2. Soak bean threads, if using, in cold water to cover until pliable. Bring a pot with 4 cups (1 L) water to a boil. Blanch the bean threads for 20 seconds, the beans (2 minutes), pea pods (30 seconds), bean sprouts (5 seconds) and carrots (30 seconds), rinsing them all in cold water immediately after blanching to stop further cooking; drain and dry vegetables. Cut beans and pea pods into julienne by cutting lengthwise on a very oblique diagonal. Mix bean threads, beans, pea pods, bean sprouts, carrots, jicama and red pepper.
3. Fill a large bowl with warm water and soak 1 wrapper until soft. Place wrapper on dry cloth, put a lettuce leaf half over it, make a line of 3 or 4 basil leaves and cover with vegetables; roll into a cylinder, tucking in the edges as you roll. Put on a tray and cover with a damp cloth. Repeat with remaining wrappers and filling. Serve with garlic sauce on the side to be spooned over just before eating or, if serving the spring rolls as finger food, to be dunked into.

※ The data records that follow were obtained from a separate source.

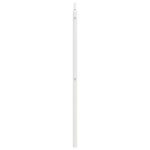 vidaXL Tăblie de pat metalică, alb, 120 cm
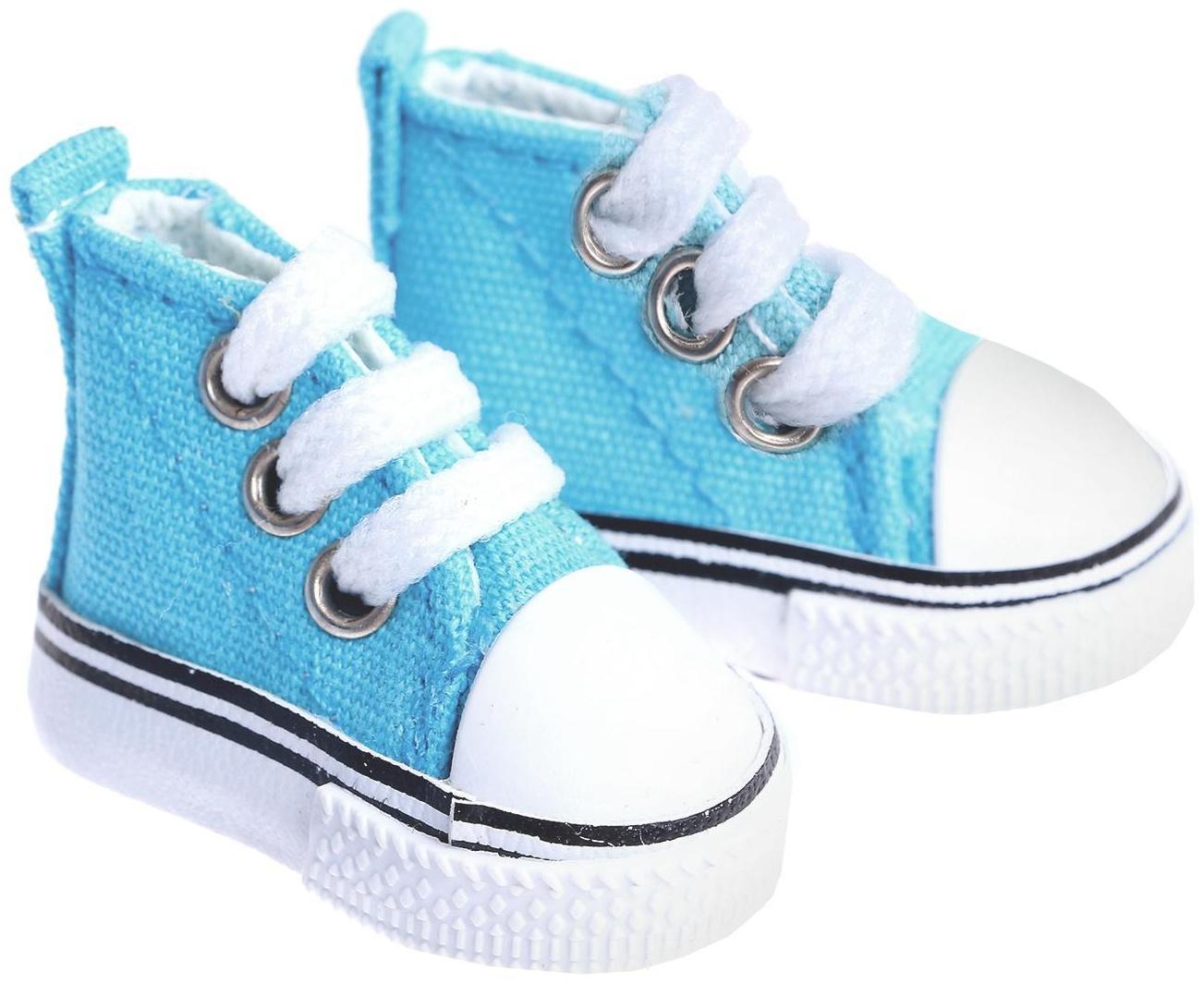 Кеды для кукол, длина подошвы 5 см, цвет бирюзовый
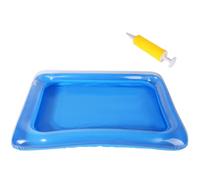 Lavapies en la playa - Tina Inflable para Remojar Pies | de Limpieza para Pies - para uso en hogar, spa, jardín, patio trasero, playa, camping, baño, ducha, interior
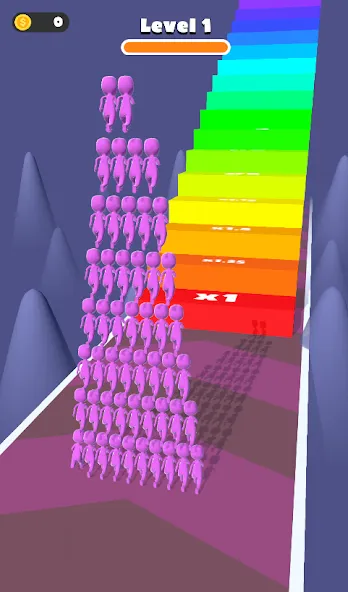 Взломанная Count Masters: Crowd Runner 3D [MOD: безлимитные деньги и все уровни] на Андроид — скриншот 3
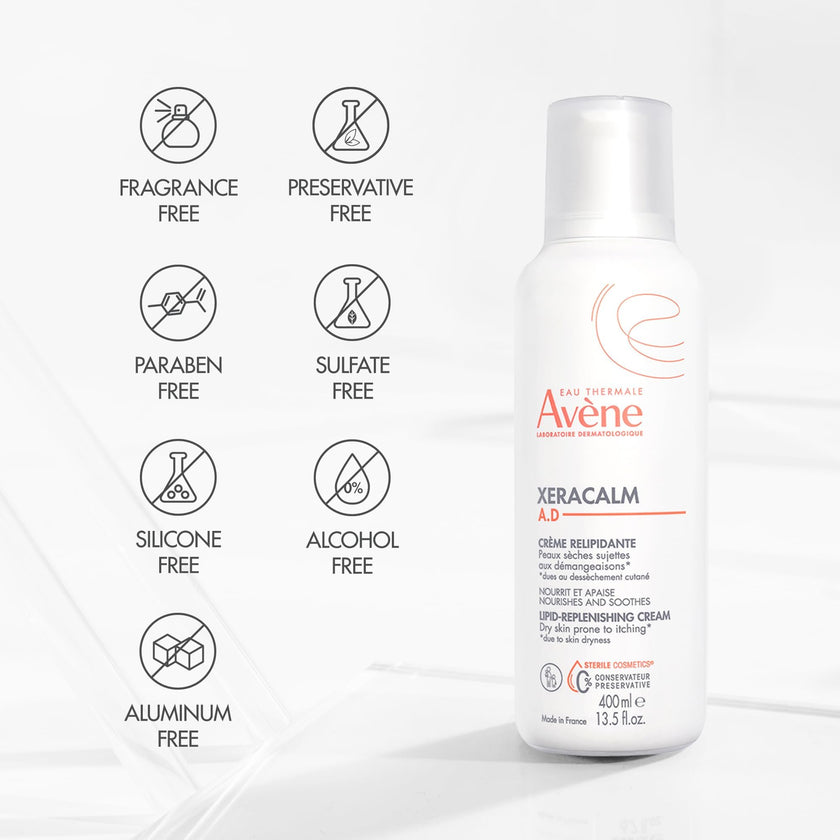 Eau Thermale Avene XeraCalm a.d lipid-replenishing cream, eczema moisturizer, 400 ml 🍁 All In One Marketplace Canada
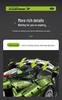 Строительные блоки Gu Li 10628 Mamba Green Koenigsegg Sports Car, совместимые с Lego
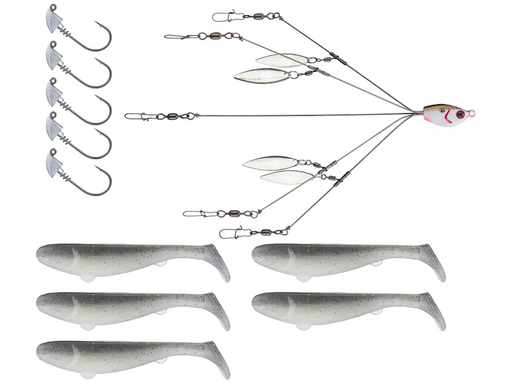 Alabama Umbrella Rigs For Bass Stripers Fishing, Freshwater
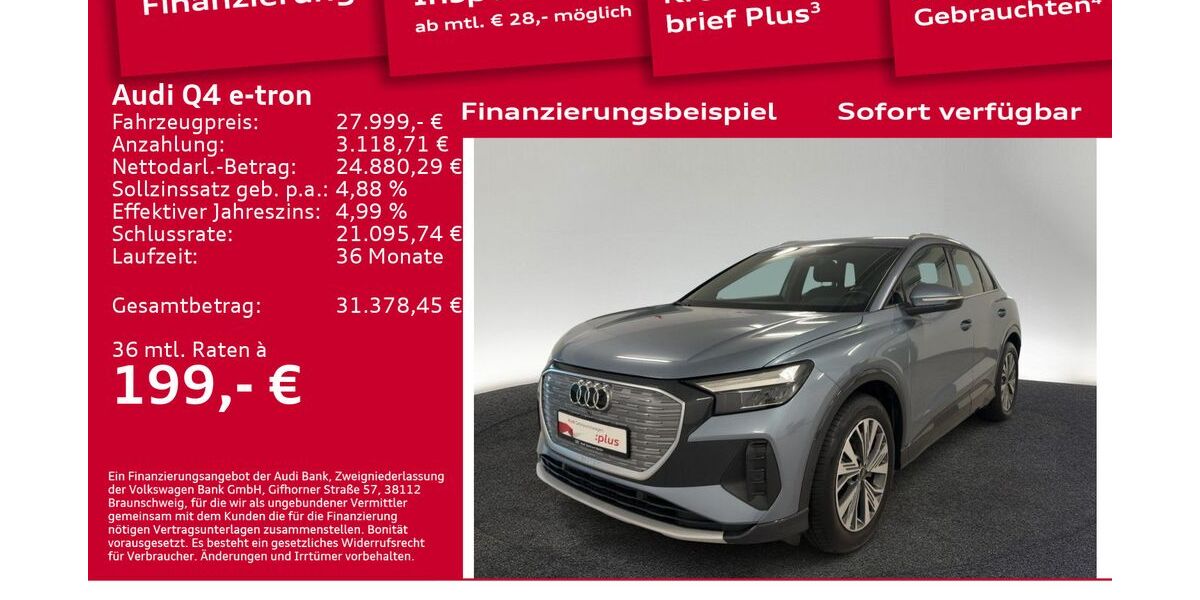 Audi Q4 e-tron 60.800 km 27.999 &euro; Berlin 12489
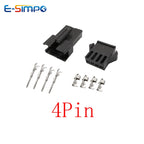 10set/200pcs SM 2.54mm Pitch 2/3/4/5Pin Male Female Head Plug Housing Pin Header Crimp Terminals Connector SM-2P SM-2R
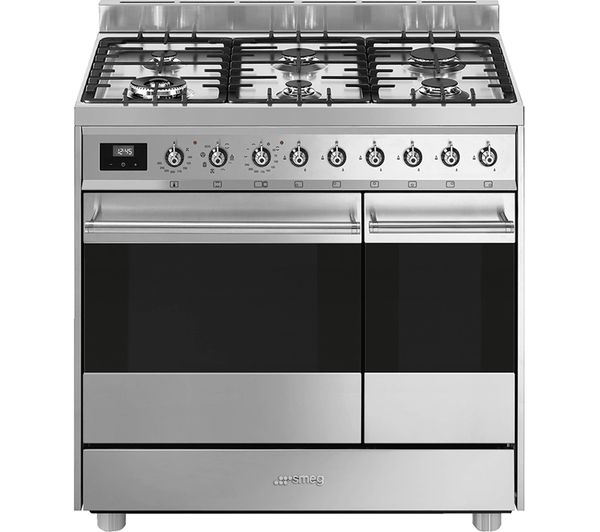 SMEG C92GMX9 90 cm Dual Fuel Range Cooker - Stainless Steel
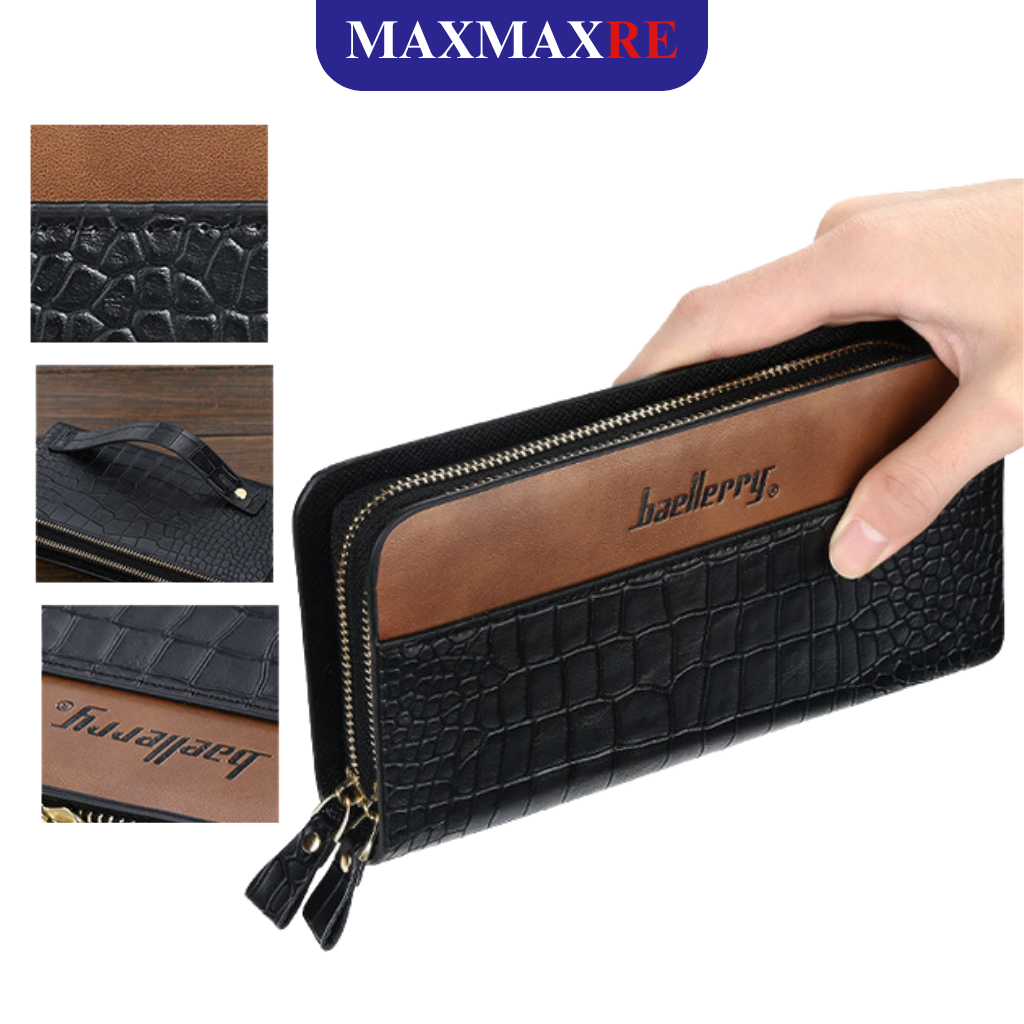 Bóp Nam, Bóp Da Nam, Ví Da Nam, Ví Dài Cầm Tay Nam Nữ Baellerry Cách Hàn Quốc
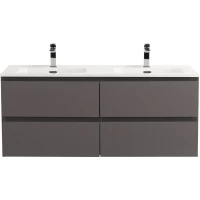 Тумба под раковину BelBagno Kraft KRAFT-1200-4C-SO-GSO 120 см, подвесная, темно-серый матовый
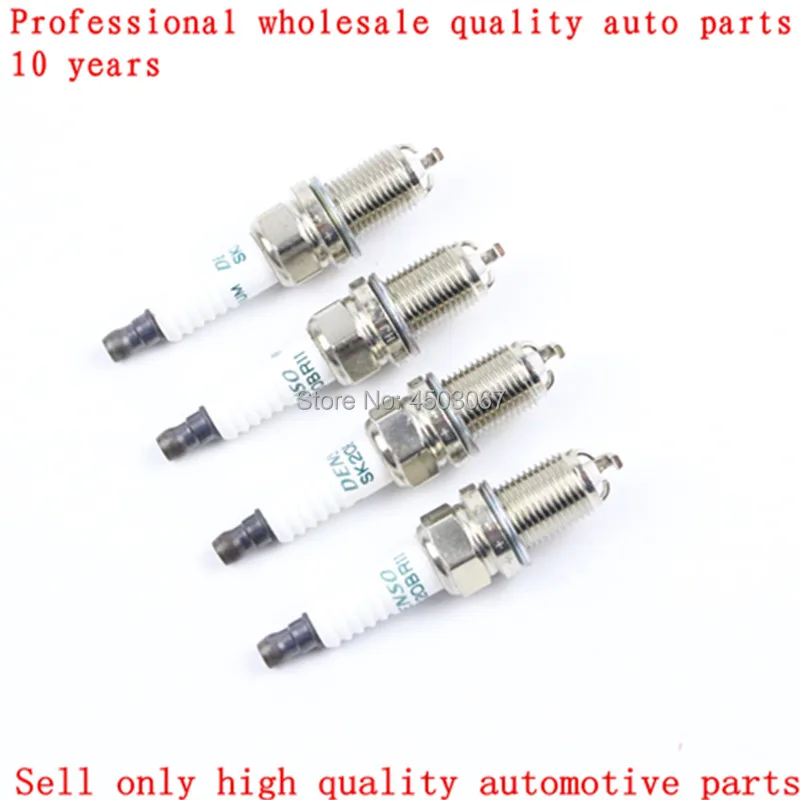 Высокое качество 4 шт. OEM 90919 01230 Иридиевые свечи зажигания SK20BR11 для Toyota Avensis RAV4 camry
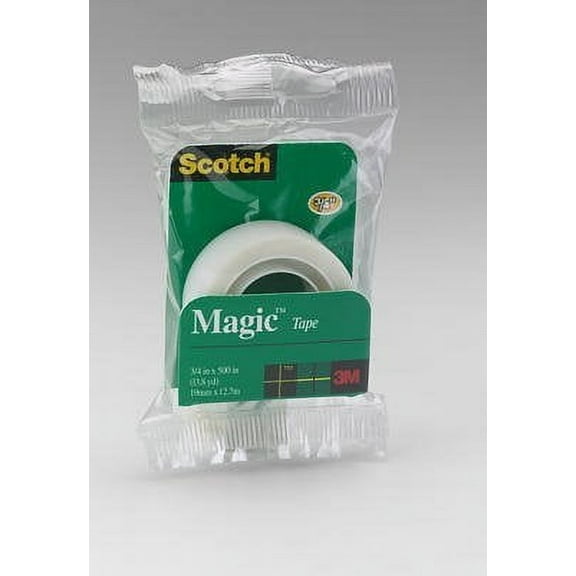3M Scotch Magic Tape - Invisible Finish - 1 Roll, 0.75 in x 500 in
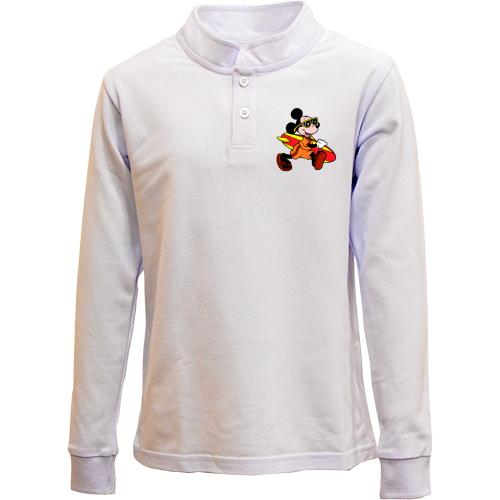 Детский лонгслив поло Mickey board
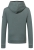 Bluza jeździecka z kapturem dla dziecka Covalliero Junior w kolorze jade green widoczna z tyłu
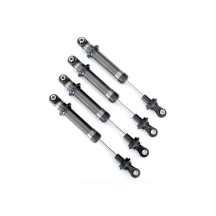 Amortiguadores GTS plata sin muelles TRX-4 Traxxas TRX8160
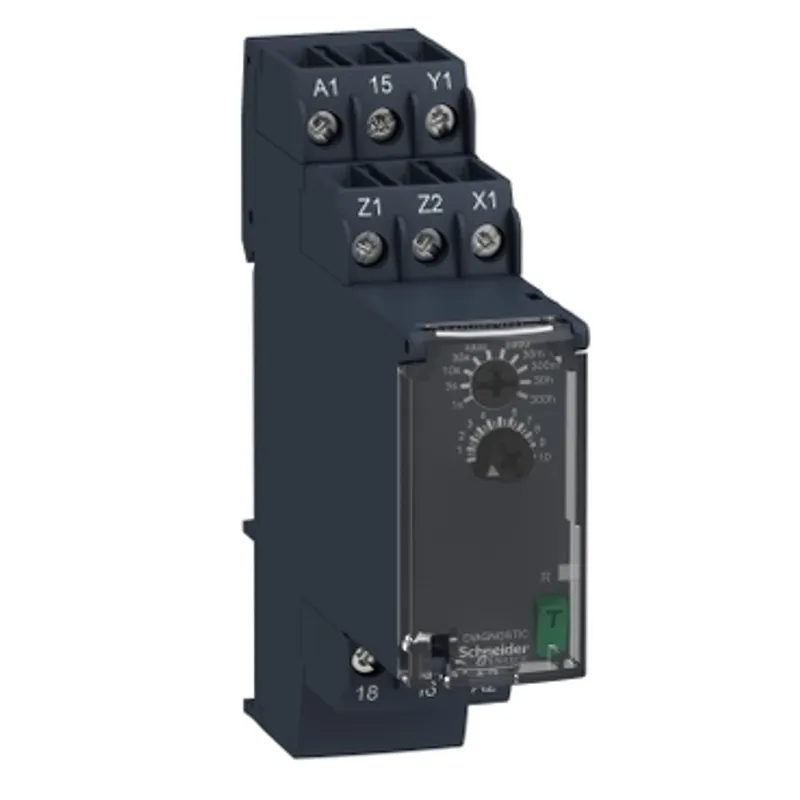 multifunction relay, Harmony Timer Relays, 8A, 1 CO, 0.05sâ€¦300h, on delay, 24...240V AC DC — photo 1 of 11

Strips of cold boiled, roasted or Chinese-style barbecued pork make a very nice addition to the spring rolls, as does cold poached shrimp.
In North America, jicama is usually thought of as a Mexican ingredient, however it is very common in the Philippines and other Southeast Asian countries, probably as a result of Spanish Asian trade routes through Acapulco and Manila. It is a large round tuber with a thick skin which must be peeled; the slightly sweet crunchy flesh is eaten raw. It’s a bit like a cross between an apple and a potato. It is often available at grocery chains, as well as Asian and Central American grocers.
Wrapping the spring rolls is an easily acquired skill; just don’t be too frustrated if the first batch isn’t perfect. Avoid trying to overstuff the wrappers; it is better to have extra filling to make more spring rolls than to struggle with overfilled rolls.